Вторая часть симфонии – необычный вальс размером не на три, как обычно, а на пять четвертей. Его мелодия грациозна, изящна, порой даже кокетлива. Меланхолично капризное танцевальное движение с оттенком стилизации. В среднем разделе появляются скорбные отзвуки первой части. А может быть, это – предчувствие финала? Но возвращается внешне безмятежный вальс. Лишь в его коду проникают грустные интонации.
Передышка кончилась. В третьей части, скерцо, сама жизнь с ее стихийной силой, с ее жестокой, неумолимой борьбой. Первоначальная суета, мелькание отдельных мотивов, красочная разноголосица постепенно кристаллизуются в марш – четкий, уверенный. Он все подчиняет себе, разрастаясь в колоссальную грозную и торжествующую силу.
Финал начинается как скорбная песнь о разбитых надеждах, может быть – о погибшей жизни. Удивительна главная тема. Это почти та же мелодия, что и в побочной партии первой части. Она начинается теми же звуками, в ней те же интервальные ходы, тот же взлет пассажа. Но изменилась тональность – си минор, мрачный, траурный вместо солнечного ре мажора. Мелодия не доводится до конца – она недопета, словно не хватает сил, и сникает трагически, уже не способная к великолепному распеву… Вторая тема, более светлая, на трепетном триольном фоне, также заимствована из побочной партии первой части, словно возвращает нас к другой ее стороне. Таким образом, весь финал основан на отдельных мотивах темы, символизировавшей в начале симфонии прекрасный и, как оказалось, недостижимый идеал. Лирическая и скорбная медленная заключительная часть симфонии несет в себе образы не только печали, но и сочувствия, протеста против несправедливости судьбы, тоски по недостижимому, недостигнутому идеалу, преклонение перед ним. Постепенно замирает, истаивает звучание. Завершился жизненный круг. Все растворилось в небытии.
Танеев
О композиторе
Сергей Иванович Танеев, (1856–1915)
Выдающийся русский музыкант и музыкальный деятель конца XIX века Сергей Иванович Танеев отличался разносторонностью, широтой и многогранностью творческих интересов. В историю русской музыкальной культуры он вошел как видный композитор, крупнейший музыкальный ученый, блестящий пианист, первоклассный педагог. «Великий русский музыкант, вся деятельность которого вызывает глубокое уважение. На музыке его лежит отпечаток мудрой сосредоточенности и принципиальности, путь искателя истины. Каждая мысль принимает у Танеева облик зрелого, обдуманного высказывания… Скромное сердце, душевное целомудрие и проницательный ум Танеева-человека составляли стройное единство. А диапазон идей и образов, порождаемых этим единством, был гигантский», – писал академик Асафьев.

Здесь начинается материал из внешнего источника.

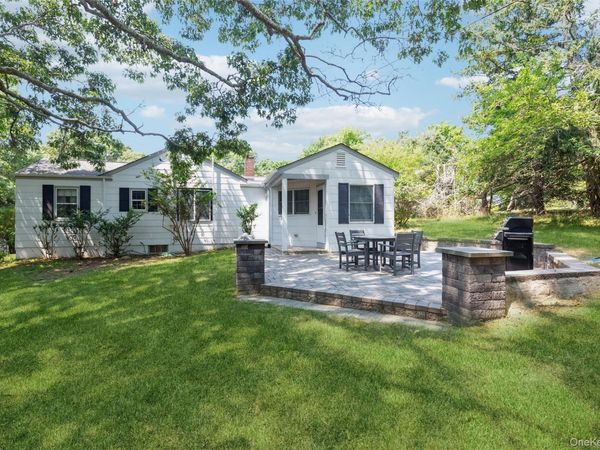 21 Oceanview Road , Hampton Bays, NY 11946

Ученик Чайковского и Николая Рубинштейна, Танеев стал учителем Рахманинова, Скрябина, Метнера, Глиэра. В области музыкальной науки он оставил капитальный труд по полифонии – «Подвижной контрапункт строгого письма». Основные произведения Танеева-композитора – симфония до минор, фортепианные трио и квинтет, грандиозная опера-трилогия «Орестея» по Эсхилу, кантаты «Иоанн Дамаскин» и «По прочтении псалма» – принадлежат к замечательнейшим страницам русской музыки.
Танеев родился 25 ноября 1856 года в городе Владимире. Отец, широко образованный человек, служил чиновником довольно высокого ранга и отличался гостеприимством и любовью к музыке. Он немного играл на фортепиано, флейте, скрипке и гитаре, мать тоже была неплохой пианисткой. В доме часто бывали гости, в том числе приезжие музыканты, устраивались домашние спектакли, вечерами звучали оперные переложения, романсы, камерные сочинения Гайдна и Моцарта. Музыкальная одаренность будущего композитора проявилась очень рано. Уже в пять лет к нему пригласили учительницу музыки, а когда ему было неполных десять лет, семья переехала в Москву, и он поступил в только что открывшуюся Московскую консерваторию, которую блестяще окончил в 1875 году по классам фортепиано (Н. Рубинштейн) и композиции (Чайковский). Первым в истории консерватории он был удостоен на выпуске большой золотой медали. К этому времени он уже был автором нескольких хоров, двух увертюр для симфонического оркестра, симфонии, струнного квартета. Но пока еще его пианистический дар проявился значительно более ярко.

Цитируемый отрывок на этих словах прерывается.